– Подними подбородок, вот так. И смотри на меня. Ты не должна отводить от меня взгляда, не важно, насколько хорош мой сосед.
Я невольно улыбнулась. Что это было? Закидывание удочки в расчёте на комплимент? Ну, этой любезности я ему не окажу. Хотя я должна была признать, что Гидеон действительно хорошо танцует. С ним было совершенно иначе, чем с Губошлёпом – всё шло словно само собой. Так я действительно могла постепенно научиться танцевать менуэт.
Гидеон тоже это заметил.
– Посмотри, ты же всё умеешь. Правая рука, правое плечо, левая рука, левое плечо – очень хорошо.
Он был прав. Я умела! Собственно, это было совершенно легко. Я торжествующе сделала круг с невидимым партнёром и снова вложила ладонь в руку Гидеона.
– Ха! С какой стати «грациозная, как ветряная мельница»! – воскликнула я.
– Совершенно бессовестное сравнение, – поддержал меня Гидеон. – Ты легко перетанцуешь любую ветряную мельницу!

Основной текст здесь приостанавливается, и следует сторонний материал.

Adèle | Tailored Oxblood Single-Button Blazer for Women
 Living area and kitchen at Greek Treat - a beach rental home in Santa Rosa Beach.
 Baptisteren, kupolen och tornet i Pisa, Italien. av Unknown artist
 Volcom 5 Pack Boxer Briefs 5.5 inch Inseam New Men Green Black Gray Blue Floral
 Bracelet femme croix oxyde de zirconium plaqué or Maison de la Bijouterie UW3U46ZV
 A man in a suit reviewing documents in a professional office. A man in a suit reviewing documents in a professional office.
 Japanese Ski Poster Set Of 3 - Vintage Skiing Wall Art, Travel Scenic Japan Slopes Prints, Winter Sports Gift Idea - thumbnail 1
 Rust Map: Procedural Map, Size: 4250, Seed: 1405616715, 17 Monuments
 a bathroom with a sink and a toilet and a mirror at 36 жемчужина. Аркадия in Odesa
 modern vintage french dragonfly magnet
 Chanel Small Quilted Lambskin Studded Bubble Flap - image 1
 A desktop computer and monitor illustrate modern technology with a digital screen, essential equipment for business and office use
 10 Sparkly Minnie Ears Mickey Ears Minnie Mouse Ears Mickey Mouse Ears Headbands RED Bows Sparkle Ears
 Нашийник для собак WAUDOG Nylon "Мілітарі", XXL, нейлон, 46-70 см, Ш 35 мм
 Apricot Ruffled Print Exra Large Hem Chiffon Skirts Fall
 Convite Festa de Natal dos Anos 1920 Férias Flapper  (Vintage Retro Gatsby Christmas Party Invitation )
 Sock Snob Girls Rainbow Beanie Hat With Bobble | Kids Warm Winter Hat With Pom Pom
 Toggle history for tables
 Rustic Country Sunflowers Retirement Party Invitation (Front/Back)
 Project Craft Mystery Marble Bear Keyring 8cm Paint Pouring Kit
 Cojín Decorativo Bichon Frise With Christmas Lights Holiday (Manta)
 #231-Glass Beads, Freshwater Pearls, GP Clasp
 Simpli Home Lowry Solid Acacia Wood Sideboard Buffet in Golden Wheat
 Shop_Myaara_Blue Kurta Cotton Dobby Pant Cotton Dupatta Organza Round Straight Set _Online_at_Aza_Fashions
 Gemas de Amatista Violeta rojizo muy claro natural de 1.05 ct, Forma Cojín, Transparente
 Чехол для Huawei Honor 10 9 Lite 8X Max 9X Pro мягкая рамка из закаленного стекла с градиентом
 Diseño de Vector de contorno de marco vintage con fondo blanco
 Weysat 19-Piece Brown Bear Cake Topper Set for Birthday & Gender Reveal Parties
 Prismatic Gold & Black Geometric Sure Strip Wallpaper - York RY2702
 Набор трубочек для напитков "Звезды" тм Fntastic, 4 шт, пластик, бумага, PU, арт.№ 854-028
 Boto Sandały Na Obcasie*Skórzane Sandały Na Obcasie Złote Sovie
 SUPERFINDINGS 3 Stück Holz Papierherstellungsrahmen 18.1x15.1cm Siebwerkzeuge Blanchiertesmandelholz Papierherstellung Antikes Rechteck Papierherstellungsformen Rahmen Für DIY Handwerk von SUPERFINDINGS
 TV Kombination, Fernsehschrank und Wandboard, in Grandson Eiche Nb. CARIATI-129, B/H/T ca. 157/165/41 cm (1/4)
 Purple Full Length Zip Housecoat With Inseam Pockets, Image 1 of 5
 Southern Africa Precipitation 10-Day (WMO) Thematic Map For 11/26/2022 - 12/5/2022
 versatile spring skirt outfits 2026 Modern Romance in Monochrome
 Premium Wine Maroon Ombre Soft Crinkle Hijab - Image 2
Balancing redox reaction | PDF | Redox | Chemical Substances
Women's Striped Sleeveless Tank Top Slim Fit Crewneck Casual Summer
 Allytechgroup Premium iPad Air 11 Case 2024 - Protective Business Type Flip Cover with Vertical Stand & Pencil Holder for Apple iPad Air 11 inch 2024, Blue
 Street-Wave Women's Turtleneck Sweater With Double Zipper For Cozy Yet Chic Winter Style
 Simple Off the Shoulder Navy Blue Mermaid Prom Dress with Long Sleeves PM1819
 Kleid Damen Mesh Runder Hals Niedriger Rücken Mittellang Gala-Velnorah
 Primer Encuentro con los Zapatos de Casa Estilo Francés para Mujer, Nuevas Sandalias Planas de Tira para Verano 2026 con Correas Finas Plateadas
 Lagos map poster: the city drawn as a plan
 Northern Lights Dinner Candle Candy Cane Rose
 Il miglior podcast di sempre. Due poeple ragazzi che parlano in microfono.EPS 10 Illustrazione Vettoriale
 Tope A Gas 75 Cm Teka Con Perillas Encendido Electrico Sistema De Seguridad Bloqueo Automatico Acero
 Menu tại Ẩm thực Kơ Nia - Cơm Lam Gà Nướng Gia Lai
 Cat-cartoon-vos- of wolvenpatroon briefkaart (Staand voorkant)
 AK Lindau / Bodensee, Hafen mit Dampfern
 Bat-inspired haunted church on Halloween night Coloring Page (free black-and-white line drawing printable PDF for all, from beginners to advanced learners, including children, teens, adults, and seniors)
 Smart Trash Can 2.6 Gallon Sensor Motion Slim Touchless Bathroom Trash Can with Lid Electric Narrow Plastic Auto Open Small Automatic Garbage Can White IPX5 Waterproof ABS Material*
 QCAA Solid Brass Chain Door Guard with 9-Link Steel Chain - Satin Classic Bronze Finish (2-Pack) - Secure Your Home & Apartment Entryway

Я хихикнула. Потом вздрогнула:
– О, опять «Линкин парк».
– Всё равно. – Пока мне в уши гремели «21 guns», Гидеон уверенно вёл меня в последней фигуре. Завершив её, он поклонился. Мне стало почти жаль, что танец закончился.
Я присела в глубоком реверансе и сняла наушники.
– На, возьми. Спасибо, что ты потренировал меня.
– Чистой воды эгоизм, – ответил Гидеон. – В конце концов, это ведь мне пришлось бы с тобой позориться, забыла?
– Нет. – Моё хорошее настроение моментально улетучилось. Мой взгляд, прежде чем я успела этому воспрепятствовать, снова метнулся к стене за стульями.
– Эй, мы ещё не закончили, – сказал Гидеон. – Это было очень неплохо, но не отлично. Почему ты вдруг стала глядеть так мрачно?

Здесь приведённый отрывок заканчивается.